• **THE TASK**
Among the entries below, only the lines from the one with "Protège matelas en" through the one with "変成シリコンコーキングは外壁" are to be retyped, exactly and without pictures.

• **INPUT DATA**
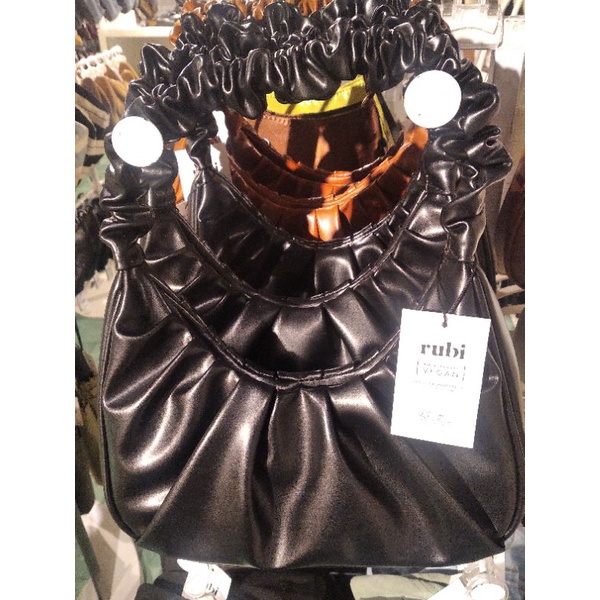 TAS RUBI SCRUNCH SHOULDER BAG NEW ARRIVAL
* * *
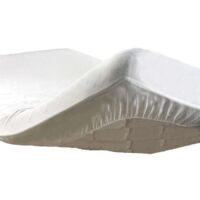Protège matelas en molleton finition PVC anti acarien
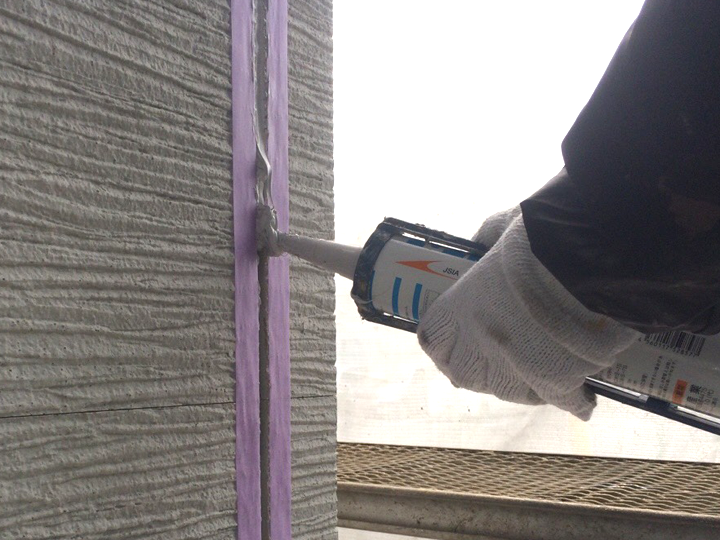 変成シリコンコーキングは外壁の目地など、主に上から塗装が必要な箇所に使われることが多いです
...
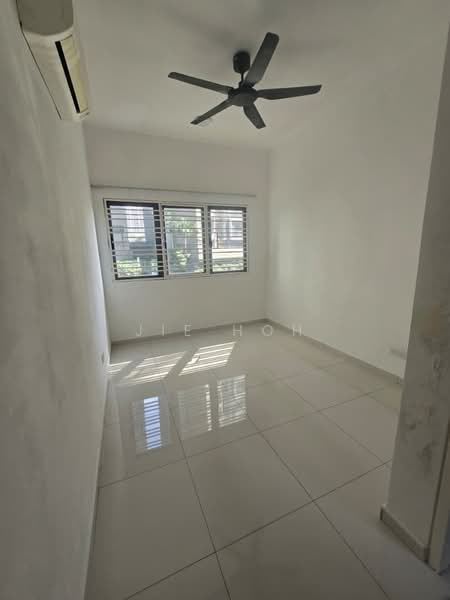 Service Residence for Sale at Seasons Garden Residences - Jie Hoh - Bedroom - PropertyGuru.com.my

• **RESPONSE BOX**
Protège matelas en molleton finition PVC anti acarien
 変成シリコンコーキングは外壁の目地など、主に上から塗装が必要な箇所に使われることが多いです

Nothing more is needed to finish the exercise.